2013-06-11 19:10:10 | インポート

 ちょっと気になった四字熟語から、合気道のあるべき姿を考えてみたいと思います。

 ≪神武不殺≫という言葉があります。出処は中国の古典(易経)のようですが、日本では原典の意味にとらわれず、武道は神聖にして人を育むものであるというような意味合いで使われてきたようです。そうしたことから、日本武術では敵の命を奪うことが可能な局面でも、あえてそうしないで生け捕るための技術が工夫展開されてきました。

 このような日本的メンタリティーの存在は、かつて流儀によっては捕り手といわれた柔術系武術はもちろんですが、触れれば斬れる剣術においても、柳生新陰流の無刀取りに代表されるように極力人を殺めることなく事を済ますという考え方があることからも明らかです。日本文化の優れた点であると思いますし、それこそが日本人の本質ではないかとも思います。そのような伝統があるからこそ〇〇術が〇〇道と呼び名が変わることに違和感がなかったのでしょう。合気道が愛と和合を説くのもその線上にあるといって差し支えないでしょう。

 しかし、斬ってしまえば済むものを斬らないで取り押さえる、ドンと打ち倒してしまえばいいものをそうしないで組み伏せる、そのためには斬ったり打ったりすることの何倍もの技量が求められます。合気道はその最たるものです。二教や三教を考えてみればすぐわかります。せっかく掴んだ相手の手首をわざわざ一旦はずして捻ったり回したり持ち替えたりして掴みなおすことの面倒くささは、新米のころに限らず今だって十分に閉口しております。

 もっとも、そんな思いがあるからこそ新しく入門してきた人の戸惑いに共感できるわけで、それもまた現代において武道に関わることによって得られる徳というものでしょう。こんな面倒くさい武道を趣味として選択してくれた人たちに感謝しております。

 いずれにしろ、神武不殺を実現するためには高い技量と精神が必要だということがわかりますが、そのことは単に稽古の場だけではなく、日常の生活にこそ生かされなければ値打ちがありません。つまりこれもまた現代における武道修行の意義といえます。

 ですが、本音を言えば、神武不殺などというレベルとはかけはなれた下世話なことで恐縮ですが、だれとでも仲良くやっていくには、じつは日常生活上の高い技量と精神が必要だということでもあるのですよ。合気道と同じく、言うほど簡単じゃないのですよね。

 次は≪不易流行≫です。

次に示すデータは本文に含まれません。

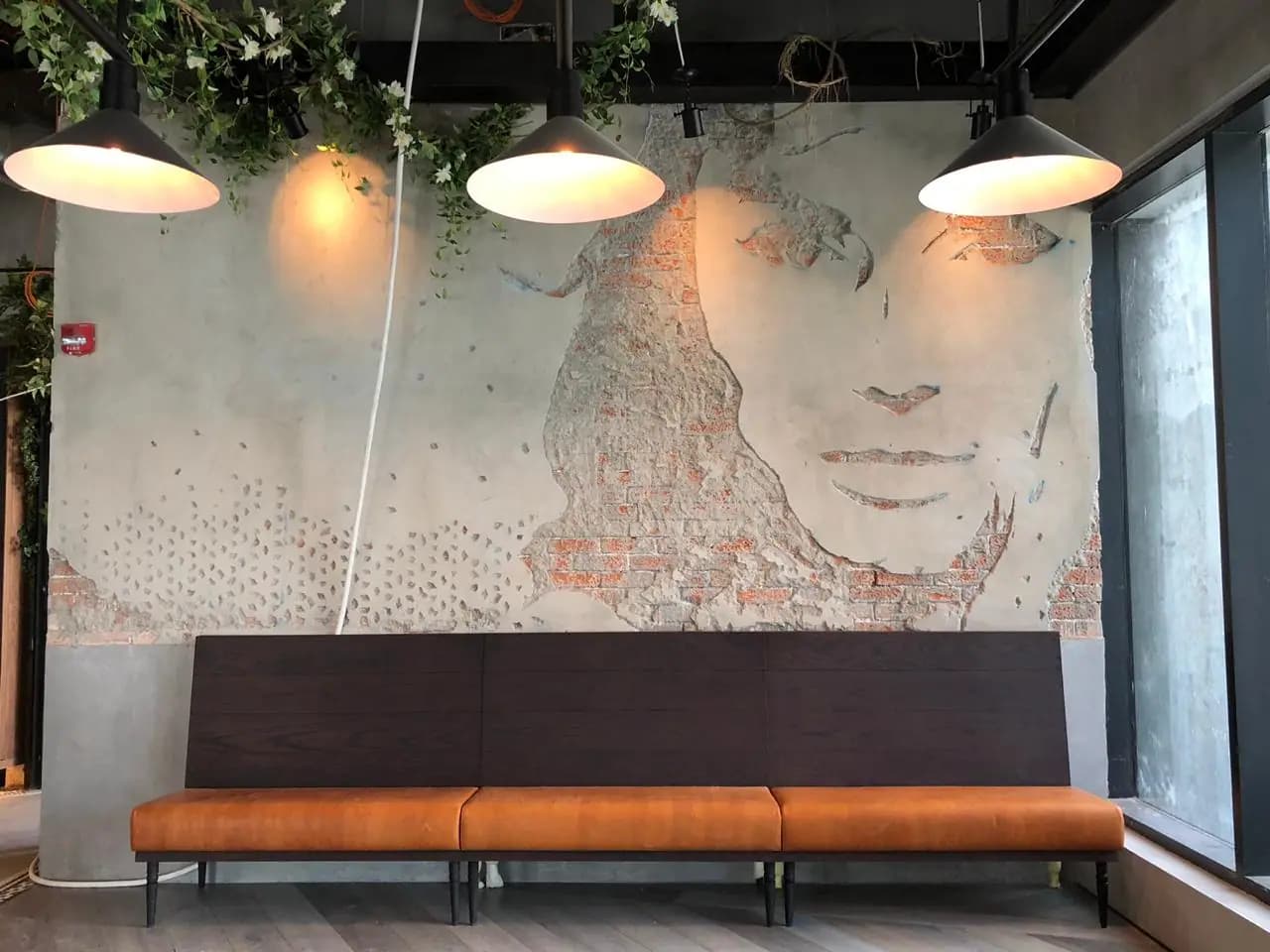 The London Project (Firmament Café) — photo 10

いつまでも変わらないものと時に応じて変化するものという意味で、その両面をあわせ持つところに芭蕉俳句の本質があるのだそうですが、色即是空空即是色みたいで、素人にすぐわかるようなものではなさそうです。

 ただ、護持と変化という意味に単純化すれば、これは合気道のあり方にも当てはまります。

 合気道で護持すべきものは何か、あくまでも私見ですが、それは開祖発するところの理念でありましょう。この場合の理念とは、合気道の存在意義というようなものです。愛と和合でもいいでしょうし、それこそ神武不殺といってもいいでしょう。

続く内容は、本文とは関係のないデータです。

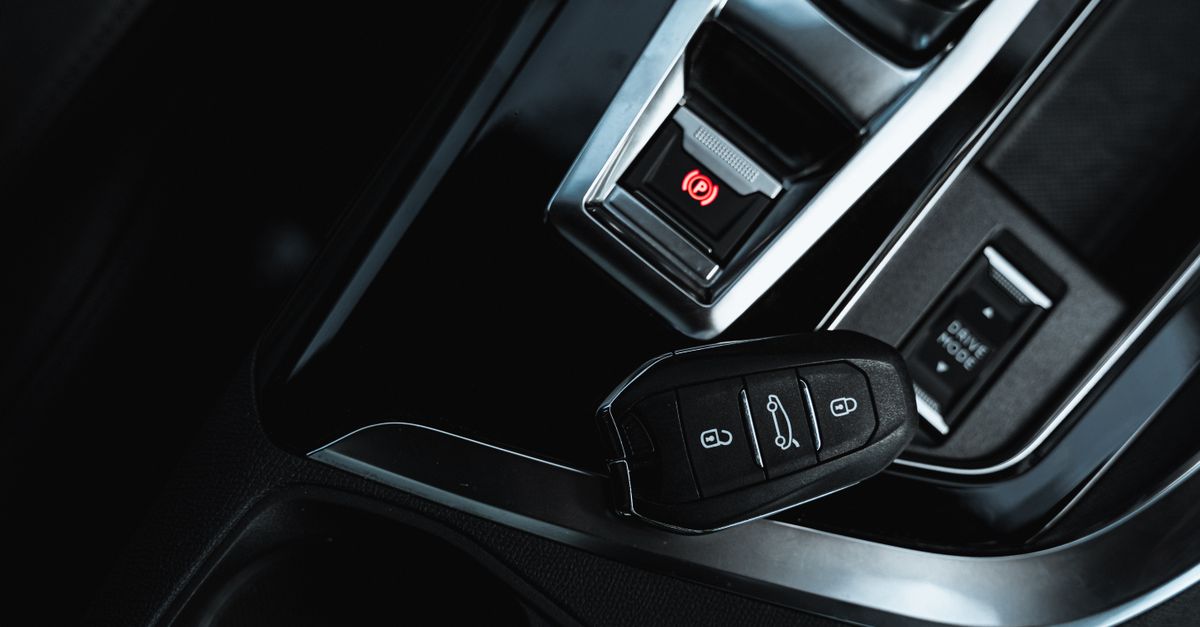 Honda car key fob — Plainfield NJ Locksmith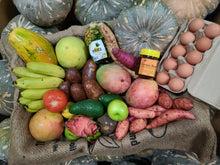 Load image into Gallery viewer, FNQ Direct Box + (6pk Eggs & 250g Honey)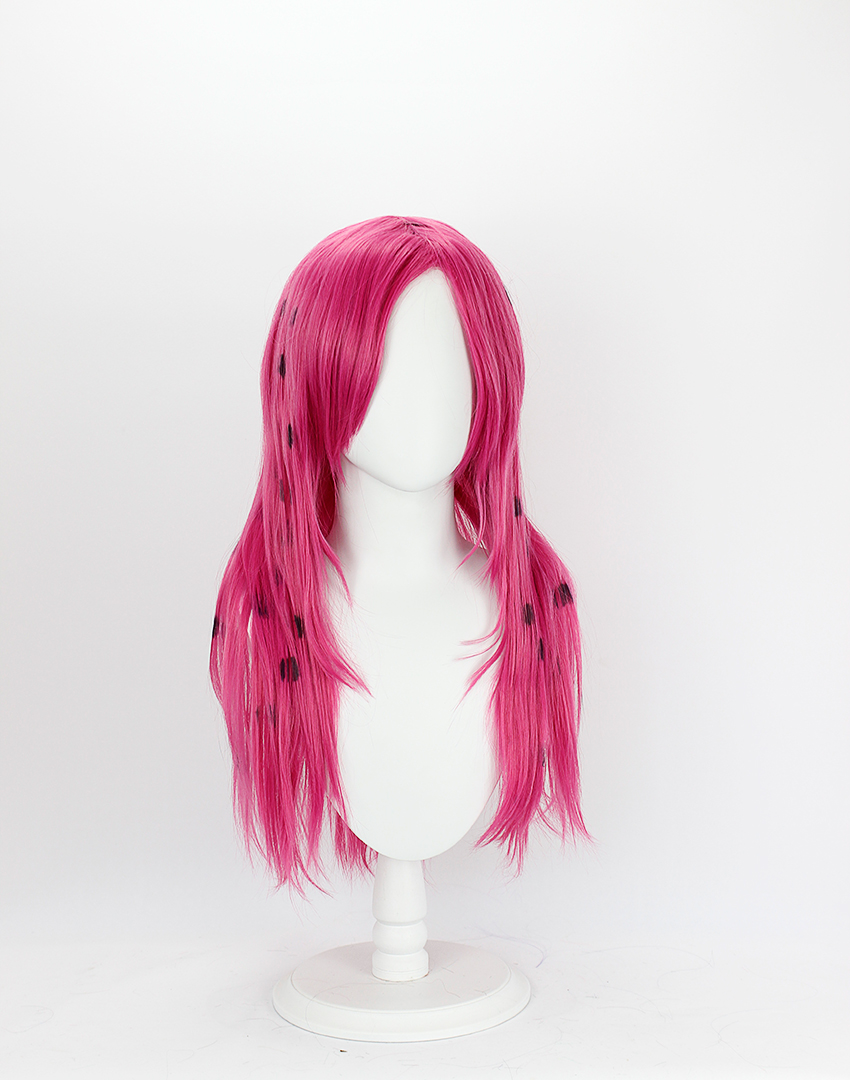 JoJo Bizarre Adventure Golden  - огляд і ціна Cosplay Anime Pink Hair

 では流行は、わたしは各種具体的技法こそがこれにあたると思います。技は変わってよいということです。これは大いに異論のあるところでしょうが、人間のやることである以上、そもそも多かれ少なかれ異同があるのが当たりまえです。またその人間は社会的存在ですから、その行為に社会的要請が反映されるのも当然です。そうでなければ、ということは反社会的あるいは非社会的な行為とみなされれば存在自体が許されません。

 したがって、いかにかたくなに技法を護ろうとしても、もしそれが社会の要請に合致しないときは廃れるしかないのです。大先生の場合も、戦前と戦後では技法が大きく変わりました。

 わたしたちはそこから何を学べばよいでしょうか。それは大先生の心の柔軟さではないかとわたしは思います。合気道を確立したその当事者にして、やみくもに頑固を通すのではなく、発展的に変化させていくことに勇気をもって当たられたということでしょう。

 ですから、ある時代の一技法のみを取りあげて『これが大先生の技で、他は間違いだ』なんてのは、いかがなもんでしょうねぇ。